⟨

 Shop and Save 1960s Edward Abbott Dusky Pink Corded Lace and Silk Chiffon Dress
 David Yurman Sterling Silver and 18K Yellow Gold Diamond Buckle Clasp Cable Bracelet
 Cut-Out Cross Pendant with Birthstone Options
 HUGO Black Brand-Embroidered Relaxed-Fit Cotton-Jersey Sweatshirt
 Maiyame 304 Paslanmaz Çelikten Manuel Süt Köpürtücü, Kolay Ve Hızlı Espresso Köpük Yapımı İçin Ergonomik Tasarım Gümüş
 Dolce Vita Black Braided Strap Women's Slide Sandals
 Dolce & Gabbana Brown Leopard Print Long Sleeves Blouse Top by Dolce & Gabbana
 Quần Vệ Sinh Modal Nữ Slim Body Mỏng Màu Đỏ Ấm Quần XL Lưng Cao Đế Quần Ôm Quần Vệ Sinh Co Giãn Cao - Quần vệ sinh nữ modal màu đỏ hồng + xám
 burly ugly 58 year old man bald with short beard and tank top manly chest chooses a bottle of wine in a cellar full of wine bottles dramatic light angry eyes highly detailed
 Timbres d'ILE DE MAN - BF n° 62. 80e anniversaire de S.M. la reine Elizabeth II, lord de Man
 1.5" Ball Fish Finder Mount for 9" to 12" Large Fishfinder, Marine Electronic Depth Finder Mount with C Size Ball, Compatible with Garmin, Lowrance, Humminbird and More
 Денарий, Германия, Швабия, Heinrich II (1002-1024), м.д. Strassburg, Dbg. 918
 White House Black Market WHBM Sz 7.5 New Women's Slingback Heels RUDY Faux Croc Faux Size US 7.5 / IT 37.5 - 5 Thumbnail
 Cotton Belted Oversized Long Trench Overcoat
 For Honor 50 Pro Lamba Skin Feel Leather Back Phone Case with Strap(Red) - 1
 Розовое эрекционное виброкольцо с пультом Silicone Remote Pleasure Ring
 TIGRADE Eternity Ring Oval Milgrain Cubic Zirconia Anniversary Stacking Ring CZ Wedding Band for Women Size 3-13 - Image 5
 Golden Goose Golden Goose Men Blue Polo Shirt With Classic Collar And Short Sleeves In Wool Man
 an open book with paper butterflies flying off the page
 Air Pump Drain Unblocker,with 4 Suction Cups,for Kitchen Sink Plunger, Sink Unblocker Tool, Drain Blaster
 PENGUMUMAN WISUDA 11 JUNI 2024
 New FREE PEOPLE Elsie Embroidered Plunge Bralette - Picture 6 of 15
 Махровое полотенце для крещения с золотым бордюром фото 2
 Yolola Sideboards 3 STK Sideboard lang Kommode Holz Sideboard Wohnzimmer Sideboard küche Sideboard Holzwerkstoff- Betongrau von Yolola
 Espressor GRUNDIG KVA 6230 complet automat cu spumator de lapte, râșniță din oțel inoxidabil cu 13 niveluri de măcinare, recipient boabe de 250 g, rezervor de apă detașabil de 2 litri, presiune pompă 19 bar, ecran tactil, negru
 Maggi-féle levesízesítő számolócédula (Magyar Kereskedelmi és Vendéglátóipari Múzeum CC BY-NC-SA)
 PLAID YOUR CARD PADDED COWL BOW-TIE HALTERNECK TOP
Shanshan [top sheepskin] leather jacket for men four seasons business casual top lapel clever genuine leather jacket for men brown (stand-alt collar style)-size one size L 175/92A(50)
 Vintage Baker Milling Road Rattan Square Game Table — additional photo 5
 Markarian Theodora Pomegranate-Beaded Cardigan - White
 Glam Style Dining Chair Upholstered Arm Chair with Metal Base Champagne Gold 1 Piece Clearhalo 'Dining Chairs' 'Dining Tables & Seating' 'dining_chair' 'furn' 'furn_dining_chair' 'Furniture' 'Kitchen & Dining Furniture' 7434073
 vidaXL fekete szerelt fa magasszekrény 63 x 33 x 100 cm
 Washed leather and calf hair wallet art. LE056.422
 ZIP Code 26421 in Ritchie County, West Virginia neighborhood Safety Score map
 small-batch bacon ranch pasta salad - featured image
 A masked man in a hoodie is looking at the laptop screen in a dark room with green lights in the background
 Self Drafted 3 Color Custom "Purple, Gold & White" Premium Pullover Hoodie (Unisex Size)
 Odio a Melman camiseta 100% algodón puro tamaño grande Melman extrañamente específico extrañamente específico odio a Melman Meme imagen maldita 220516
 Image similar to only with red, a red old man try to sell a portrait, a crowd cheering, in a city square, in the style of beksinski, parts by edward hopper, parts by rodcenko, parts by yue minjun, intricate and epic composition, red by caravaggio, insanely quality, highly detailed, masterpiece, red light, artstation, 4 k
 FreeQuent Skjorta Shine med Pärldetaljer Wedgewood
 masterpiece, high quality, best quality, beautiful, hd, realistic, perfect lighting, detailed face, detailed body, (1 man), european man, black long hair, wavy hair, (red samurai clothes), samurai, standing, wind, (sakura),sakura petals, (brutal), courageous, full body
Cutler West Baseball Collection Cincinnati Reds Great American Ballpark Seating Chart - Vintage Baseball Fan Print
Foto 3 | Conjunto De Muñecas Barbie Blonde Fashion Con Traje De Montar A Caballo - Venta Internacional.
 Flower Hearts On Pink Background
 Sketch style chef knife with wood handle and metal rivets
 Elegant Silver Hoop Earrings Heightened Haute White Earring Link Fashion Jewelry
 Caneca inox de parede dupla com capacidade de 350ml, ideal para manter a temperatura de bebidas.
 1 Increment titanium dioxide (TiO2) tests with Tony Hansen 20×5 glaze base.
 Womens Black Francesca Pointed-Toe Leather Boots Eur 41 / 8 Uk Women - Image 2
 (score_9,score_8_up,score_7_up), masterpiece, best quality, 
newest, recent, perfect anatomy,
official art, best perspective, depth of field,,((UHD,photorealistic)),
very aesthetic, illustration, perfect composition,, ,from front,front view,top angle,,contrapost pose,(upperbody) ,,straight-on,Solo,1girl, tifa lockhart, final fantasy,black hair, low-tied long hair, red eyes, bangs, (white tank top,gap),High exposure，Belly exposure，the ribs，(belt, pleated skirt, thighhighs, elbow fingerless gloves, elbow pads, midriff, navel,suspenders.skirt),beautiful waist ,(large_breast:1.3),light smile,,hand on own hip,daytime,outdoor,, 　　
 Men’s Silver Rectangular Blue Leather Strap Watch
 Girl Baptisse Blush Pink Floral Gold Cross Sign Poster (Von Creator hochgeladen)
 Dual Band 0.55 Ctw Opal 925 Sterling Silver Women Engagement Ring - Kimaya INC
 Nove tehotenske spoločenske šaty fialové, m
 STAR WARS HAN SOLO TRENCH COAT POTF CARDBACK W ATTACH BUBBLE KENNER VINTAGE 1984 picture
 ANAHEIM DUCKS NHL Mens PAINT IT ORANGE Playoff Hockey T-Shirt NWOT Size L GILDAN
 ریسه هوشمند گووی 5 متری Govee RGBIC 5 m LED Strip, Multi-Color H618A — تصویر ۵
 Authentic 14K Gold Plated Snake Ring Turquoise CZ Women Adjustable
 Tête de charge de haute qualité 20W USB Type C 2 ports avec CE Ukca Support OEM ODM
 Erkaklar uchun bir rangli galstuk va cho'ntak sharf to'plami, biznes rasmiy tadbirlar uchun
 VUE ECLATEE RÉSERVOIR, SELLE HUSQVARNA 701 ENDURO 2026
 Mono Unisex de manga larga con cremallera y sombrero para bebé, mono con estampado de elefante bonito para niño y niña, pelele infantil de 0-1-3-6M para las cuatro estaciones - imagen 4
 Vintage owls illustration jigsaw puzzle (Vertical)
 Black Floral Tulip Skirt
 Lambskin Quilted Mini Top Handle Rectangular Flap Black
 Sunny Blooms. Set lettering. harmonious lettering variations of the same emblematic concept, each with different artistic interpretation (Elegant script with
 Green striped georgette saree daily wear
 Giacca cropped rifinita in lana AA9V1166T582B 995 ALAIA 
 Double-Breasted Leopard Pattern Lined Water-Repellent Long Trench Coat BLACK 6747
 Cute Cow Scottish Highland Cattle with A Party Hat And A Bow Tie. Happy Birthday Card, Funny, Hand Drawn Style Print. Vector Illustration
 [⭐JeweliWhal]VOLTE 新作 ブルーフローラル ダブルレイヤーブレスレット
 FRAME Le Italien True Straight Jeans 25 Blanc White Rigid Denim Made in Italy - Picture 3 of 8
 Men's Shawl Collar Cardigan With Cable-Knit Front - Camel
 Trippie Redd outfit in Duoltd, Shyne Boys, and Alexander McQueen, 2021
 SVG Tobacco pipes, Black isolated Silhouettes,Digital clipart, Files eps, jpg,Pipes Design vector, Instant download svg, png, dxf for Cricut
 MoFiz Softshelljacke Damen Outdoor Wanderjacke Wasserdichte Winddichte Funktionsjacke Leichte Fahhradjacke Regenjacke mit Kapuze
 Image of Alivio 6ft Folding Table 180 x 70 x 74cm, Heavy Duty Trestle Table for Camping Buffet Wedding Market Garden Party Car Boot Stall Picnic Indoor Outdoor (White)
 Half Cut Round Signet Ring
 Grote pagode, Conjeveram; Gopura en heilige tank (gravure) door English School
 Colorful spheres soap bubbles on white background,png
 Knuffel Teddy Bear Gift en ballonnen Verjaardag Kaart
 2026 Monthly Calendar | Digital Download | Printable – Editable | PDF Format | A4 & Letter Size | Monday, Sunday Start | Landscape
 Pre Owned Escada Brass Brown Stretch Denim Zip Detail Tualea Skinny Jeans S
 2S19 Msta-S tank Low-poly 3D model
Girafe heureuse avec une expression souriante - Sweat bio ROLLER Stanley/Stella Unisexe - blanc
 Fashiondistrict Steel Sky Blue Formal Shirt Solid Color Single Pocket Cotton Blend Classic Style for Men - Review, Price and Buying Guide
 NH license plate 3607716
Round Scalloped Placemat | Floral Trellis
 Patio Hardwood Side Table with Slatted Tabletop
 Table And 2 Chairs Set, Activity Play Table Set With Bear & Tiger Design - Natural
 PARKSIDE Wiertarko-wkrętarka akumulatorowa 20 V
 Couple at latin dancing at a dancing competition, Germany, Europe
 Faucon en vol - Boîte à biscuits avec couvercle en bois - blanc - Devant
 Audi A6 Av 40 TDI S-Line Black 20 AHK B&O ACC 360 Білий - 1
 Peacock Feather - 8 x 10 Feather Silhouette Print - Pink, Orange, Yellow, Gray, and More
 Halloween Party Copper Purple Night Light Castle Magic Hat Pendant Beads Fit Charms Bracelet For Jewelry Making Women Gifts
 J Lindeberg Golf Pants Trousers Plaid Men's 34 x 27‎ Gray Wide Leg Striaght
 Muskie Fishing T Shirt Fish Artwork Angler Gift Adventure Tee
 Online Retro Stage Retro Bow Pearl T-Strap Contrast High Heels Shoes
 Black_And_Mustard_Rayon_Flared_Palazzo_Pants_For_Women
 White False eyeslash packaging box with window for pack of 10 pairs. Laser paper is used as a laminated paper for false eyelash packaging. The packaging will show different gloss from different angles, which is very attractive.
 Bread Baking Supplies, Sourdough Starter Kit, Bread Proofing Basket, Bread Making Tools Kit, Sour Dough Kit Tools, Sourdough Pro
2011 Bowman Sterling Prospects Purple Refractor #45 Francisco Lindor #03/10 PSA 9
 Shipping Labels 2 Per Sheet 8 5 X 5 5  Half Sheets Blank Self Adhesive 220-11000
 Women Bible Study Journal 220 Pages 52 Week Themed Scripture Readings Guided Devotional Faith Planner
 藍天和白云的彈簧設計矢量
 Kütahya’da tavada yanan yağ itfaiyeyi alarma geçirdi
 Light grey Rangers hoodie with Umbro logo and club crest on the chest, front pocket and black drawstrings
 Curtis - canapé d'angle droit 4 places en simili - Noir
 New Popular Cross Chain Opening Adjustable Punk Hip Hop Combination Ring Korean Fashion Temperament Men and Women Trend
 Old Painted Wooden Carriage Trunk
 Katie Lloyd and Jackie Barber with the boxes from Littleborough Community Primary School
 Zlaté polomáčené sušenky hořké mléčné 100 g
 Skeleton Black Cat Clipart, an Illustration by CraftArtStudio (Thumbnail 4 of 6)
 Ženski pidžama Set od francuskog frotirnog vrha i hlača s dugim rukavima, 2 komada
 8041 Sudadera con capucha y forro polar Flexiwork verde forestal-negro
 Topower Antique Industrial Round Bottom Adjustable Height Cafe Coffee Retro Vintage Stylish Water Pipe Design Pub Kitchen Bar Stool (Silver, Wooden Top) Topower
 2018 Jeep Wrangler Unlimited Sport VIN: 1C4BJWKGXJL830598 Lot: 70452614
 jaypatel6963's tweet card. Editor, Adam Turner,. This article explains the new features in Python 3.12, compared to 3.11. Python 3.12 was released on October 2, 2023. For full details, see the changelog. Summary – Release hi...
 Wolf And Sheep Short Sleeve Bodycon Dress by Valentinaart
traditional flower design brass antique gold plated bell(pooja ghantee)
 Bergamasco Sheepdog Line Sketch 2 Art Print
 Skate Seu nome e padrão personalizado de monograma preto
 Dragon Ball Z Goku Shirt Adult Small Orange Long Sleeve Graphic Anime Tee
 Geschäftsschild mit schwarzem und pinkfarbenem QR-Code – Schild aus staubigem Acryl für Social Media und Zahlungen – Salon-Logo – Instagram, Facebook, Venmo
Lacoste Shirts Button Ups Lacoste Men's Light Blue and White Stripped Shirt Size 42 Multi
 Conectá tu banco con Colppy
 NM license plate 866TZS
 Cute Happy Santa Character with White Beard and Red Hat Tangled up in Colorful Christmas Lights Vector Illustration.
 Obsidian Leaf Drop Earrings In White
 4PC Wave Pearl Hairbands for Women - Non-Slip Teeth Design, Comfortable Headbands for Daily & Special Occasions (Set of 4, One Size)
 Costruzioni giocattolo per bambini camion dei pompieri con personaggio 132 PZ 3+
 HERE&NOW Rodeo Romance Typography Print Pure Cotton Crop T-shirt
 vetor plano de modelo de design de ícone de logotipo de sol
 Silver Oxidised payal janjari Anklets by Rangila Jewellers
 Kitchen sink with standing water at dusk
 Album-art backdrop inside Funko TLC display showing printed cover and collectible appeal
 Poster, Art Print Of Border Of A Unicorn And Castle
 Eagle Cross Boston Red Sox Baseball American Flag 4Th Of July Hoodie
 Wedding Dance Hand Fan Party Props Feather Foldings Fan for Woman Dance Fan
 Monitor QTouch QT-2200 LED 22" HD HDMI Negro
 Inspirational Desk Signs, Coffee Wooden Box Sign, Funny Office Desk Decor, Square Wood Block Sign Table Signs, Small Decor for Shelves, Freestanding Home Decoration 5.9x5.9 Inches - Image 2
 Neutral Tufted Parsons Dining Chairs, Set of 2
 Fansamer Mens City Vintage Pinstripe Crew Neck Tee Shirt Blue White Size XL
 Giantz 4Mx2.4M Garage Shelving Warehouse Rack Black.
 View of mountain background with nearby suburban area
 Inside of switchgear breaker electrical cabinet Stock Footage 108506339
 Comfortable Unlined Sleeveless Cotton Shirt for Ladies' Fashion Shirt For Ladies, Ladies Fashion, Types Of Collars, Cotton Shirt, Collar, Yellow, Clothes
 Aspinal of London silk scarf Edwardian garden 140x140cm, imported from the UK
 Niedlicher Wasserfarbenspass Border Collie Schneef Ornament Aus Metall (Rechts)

⟩

- Aim of the task: Leave out every line above except those from the line with "Glam Style Dining" up to and including the line with "FreeQuent Skjorta Shine", and copy those exactly.

- Task output:
 Glam Style Dining Chair Upholstered Arm Chair with Metal Base Champagne Gold 1 Piece Clearhalo 'Dining Chairs' 'Dining Tables & Seating' 'dining_chair' 'furn' 'furn_dining_chair' 'Furniture' 'Kitchen & Dining Furniture' 7434073
 vidaXL fekete szerelt fa magasszekrény 63 x 33 x 100 cm
 Washed leather and calf hair wallet art. LE056.422
 ZIP Code 26421 in Ritchie County, West Virginia neighborhood Safety Score map
 small-batch bacon ranch pasta salad - featured image
 A masked man in a hoodie is looking at the laptop screen in a dark room with green lights in the background
 Self Drafted 3 Color Custom "Purple, Gold & White" Premium Pullover Hoodie (Unisex Size)
 Odio a Melman camiseta 100% algodón puro tamaño grande Melman extrañamente específico extrañamente específico odio a Melman Meme imagen maldita 220516
 Image similar to only with red, a red old man try to sell a portrait, a crowd cheering, in a city square, in the style of beksinski, parts by edward hopper, parts by rodcenko, parts by yue minjun, intricate and epic composition, red by caravaggio, insanely quality, highly detailed, masterpiece, red light, artstation, 4 k
 FreeQuent Skjorta Shine med Pärldetaljer Wedgewood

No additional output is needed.